━━━━━ Information

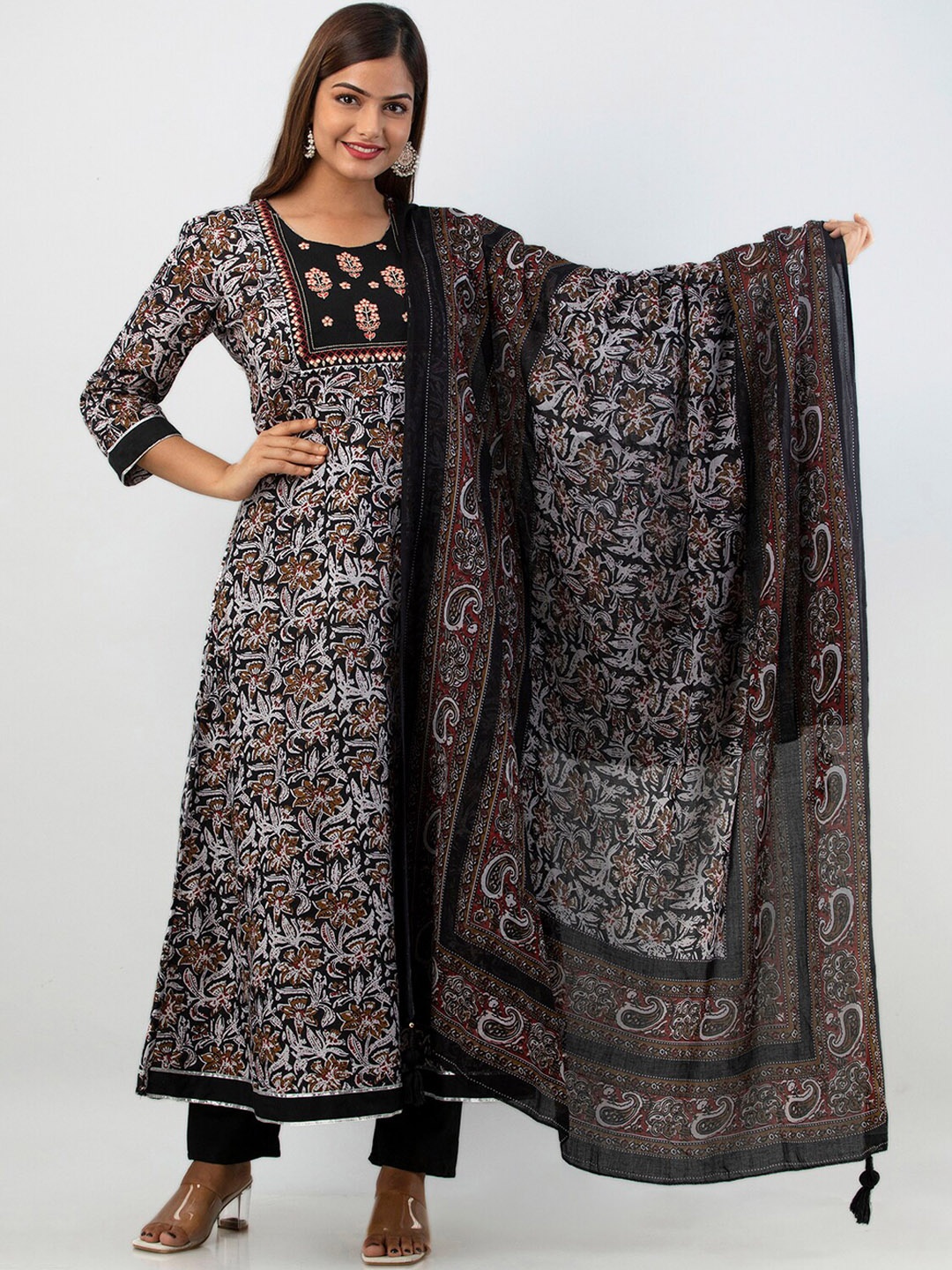 

KALINI Women Black Floral Printed Gotta Patti Pure Cotton Kurti with Trousers
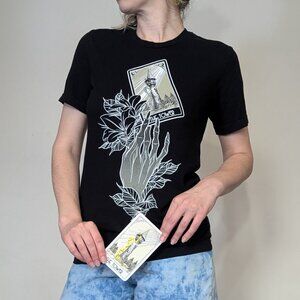 Tangled Rapunzel Tarot Shirt & Card - Main Parade Disney - size Small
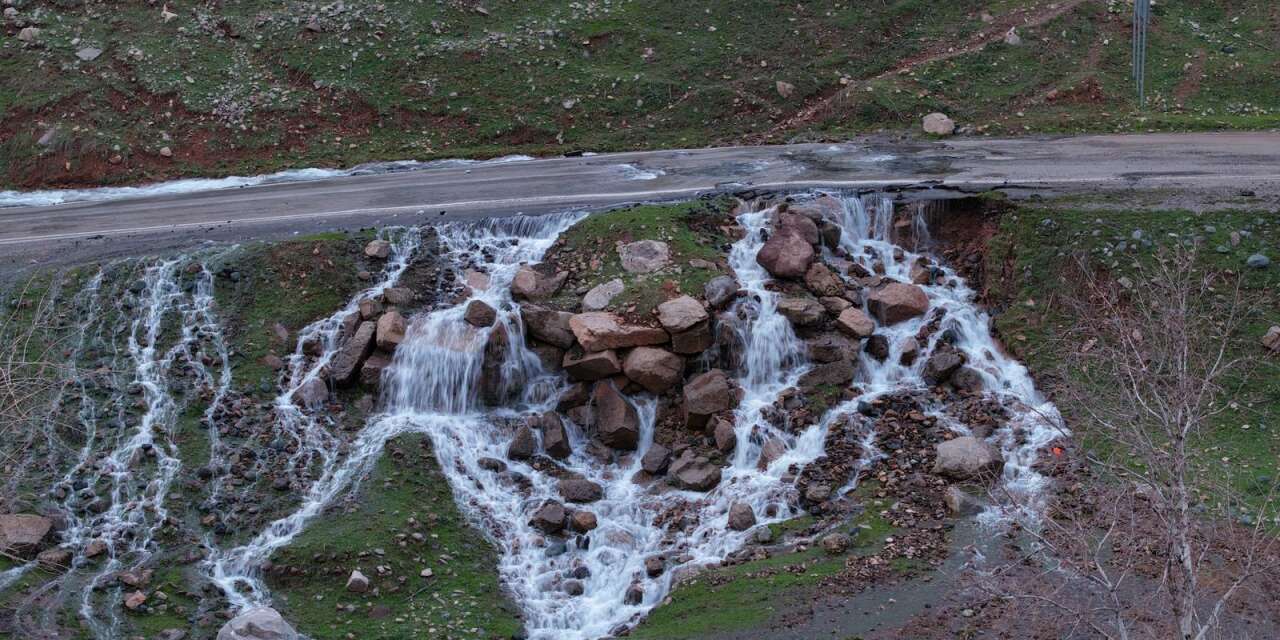 Asfaltın ortasından su pınarı fışkırdı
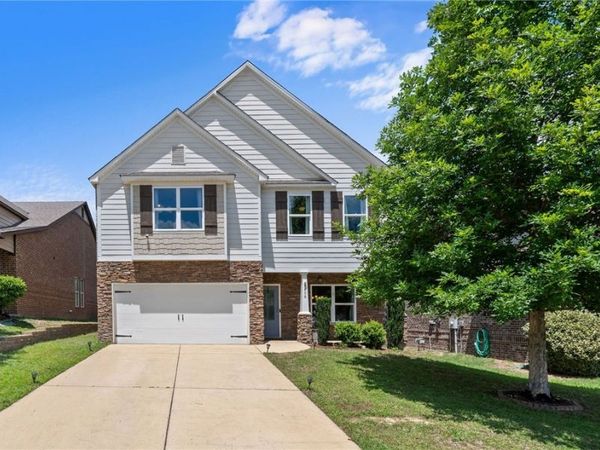 3808 Veranda Court, Northport, AL 35473
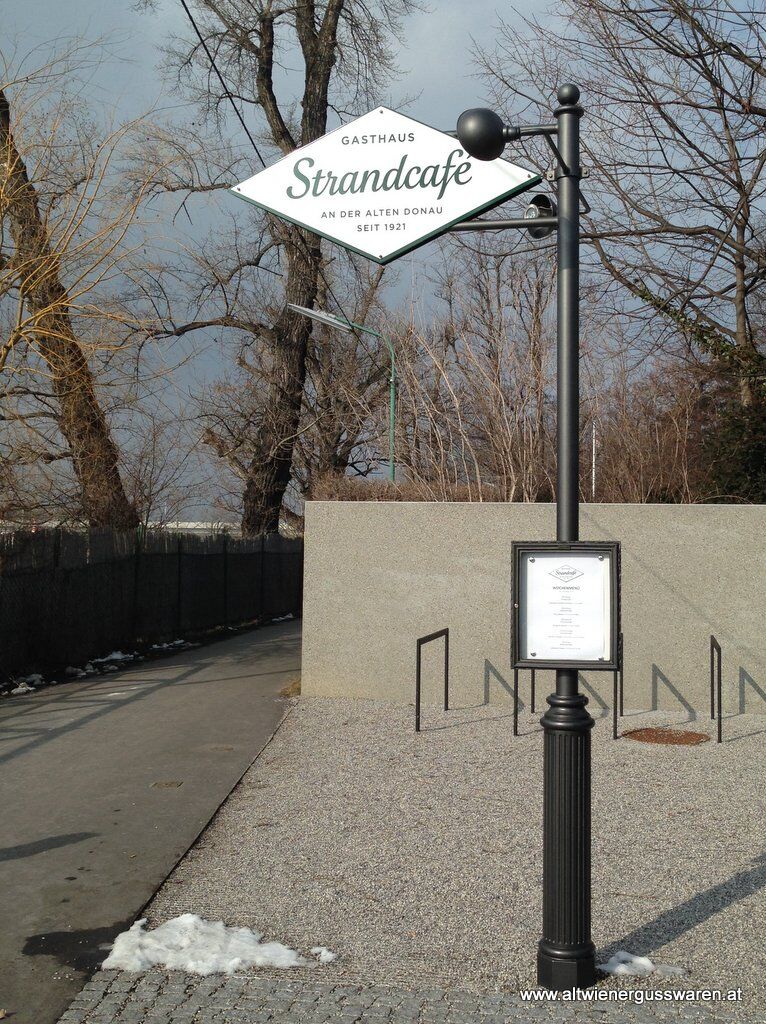 steck_werbeschild_sauele_strandcafe_wien Hinweistafel aus Aluminium, Messing & Bronzeguss - eigener Text/Muster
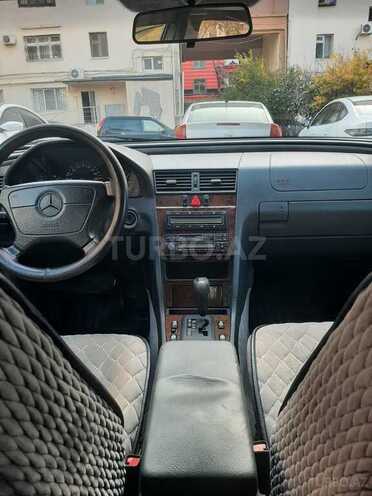 Mercedes C 180 1997, 286,000 km - 1.8 l - Bakı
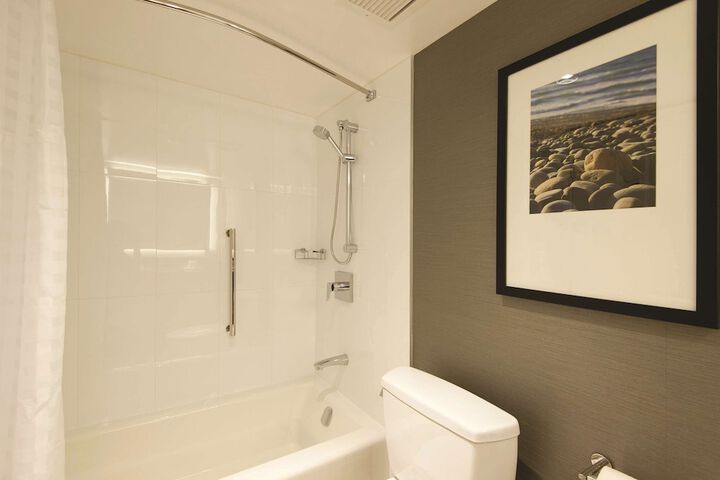 DoubleTree by Hilton Hotel & Suites Victoria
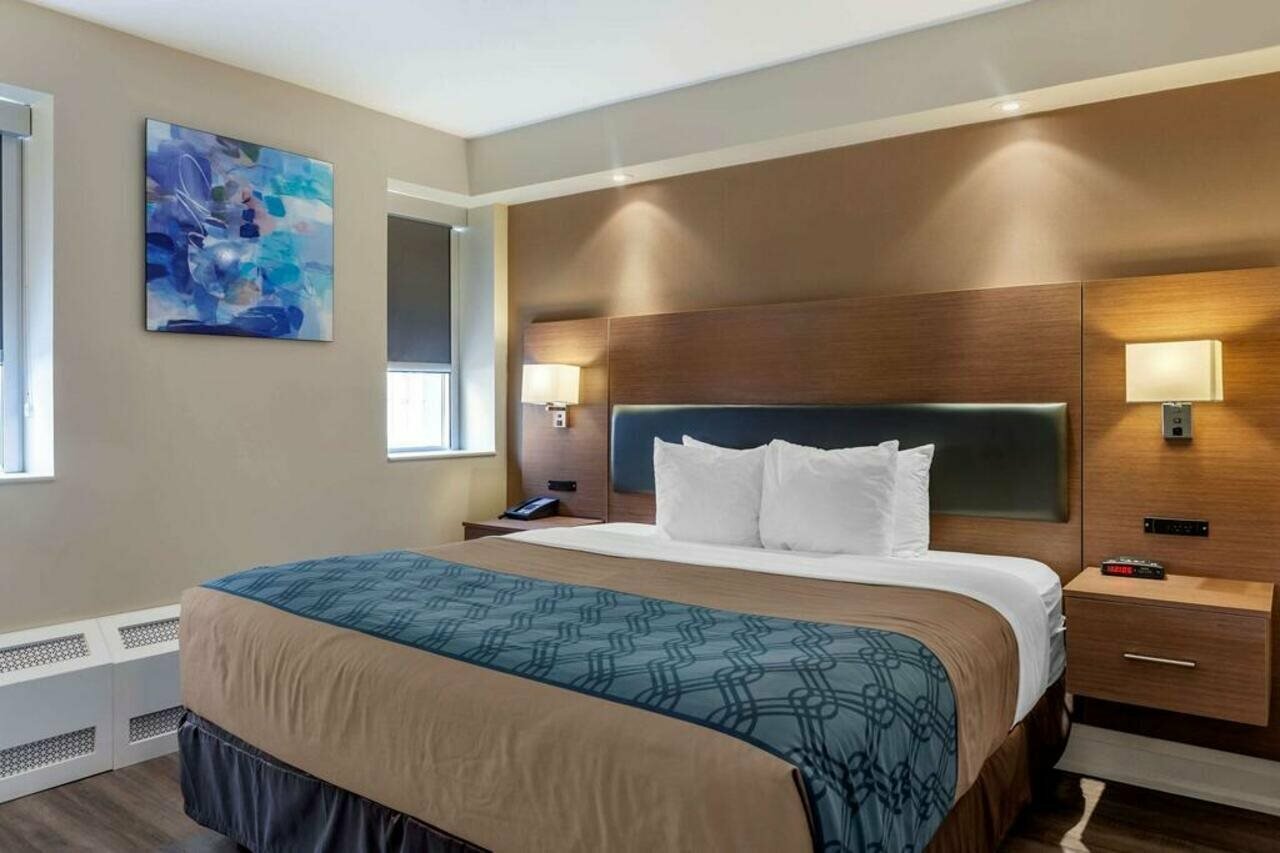 Фото EconoLodge Downtown Toronto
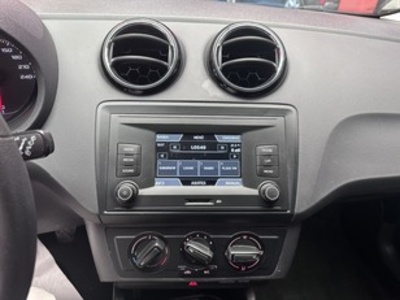 SEAT Ibiza 1.0 Reference 55 kW (75 CV) SEAT Ibiza 1.0 Reference 55 kW (75 CV)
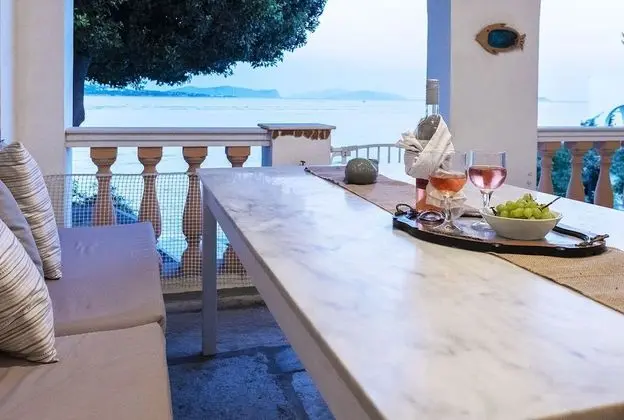 Villa, Birden Çok Yatak Odası, Şömine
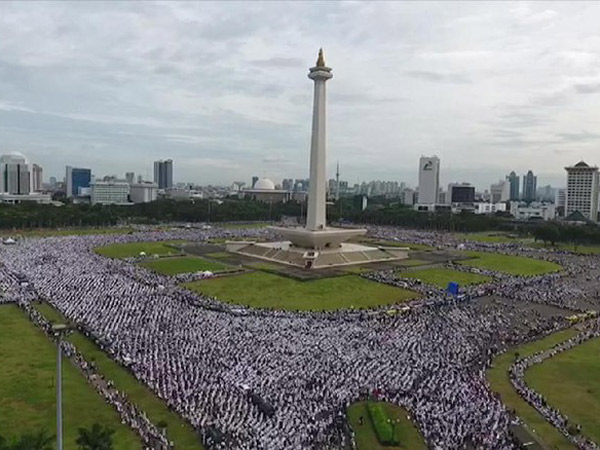 Berlangsung Tertib, Massa Aksi Damai 2 Desember Sempat Bentang Dua Bendera Raksasa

━━━━━━━━━━

Without the pictures, reproduce every entry exactly as written.

KALINI Women Black Floral Printed Gotta Patti Pure Cotton Kurti with Trousers
 Tangled Rapunzel Tarot Shirt & Card - Main Parade Disney - size Small
 Asfaltın ortasından su pınarı fışkırdı
 3808 Veranda Court, Northport, AL 35473
 steck_werbeschild_sauele_strandcafe_wien Hinweistafel aus Aluminium, Messing & Bronzeguss - eigener Text/Muster
 Mercedes C 180 1997, 286,000 km - 1.8 l - Bakı
 DoubleTree by Hilton Hotel & Suites Victoria
 Фото EconoLodge Downtown Toronto
 SEAT Ibiza 1.0 Reference 55 kW (75 CV) SEAT Ibiza 1.0 Reference 55 kW (75 CV)
 Villa, Birden Çok Yatak Odası, Şömine
 Berlangsung Tertib, Massa Aksi Damai 2 Desember Sempat Bentang Dua Bendera Raksasa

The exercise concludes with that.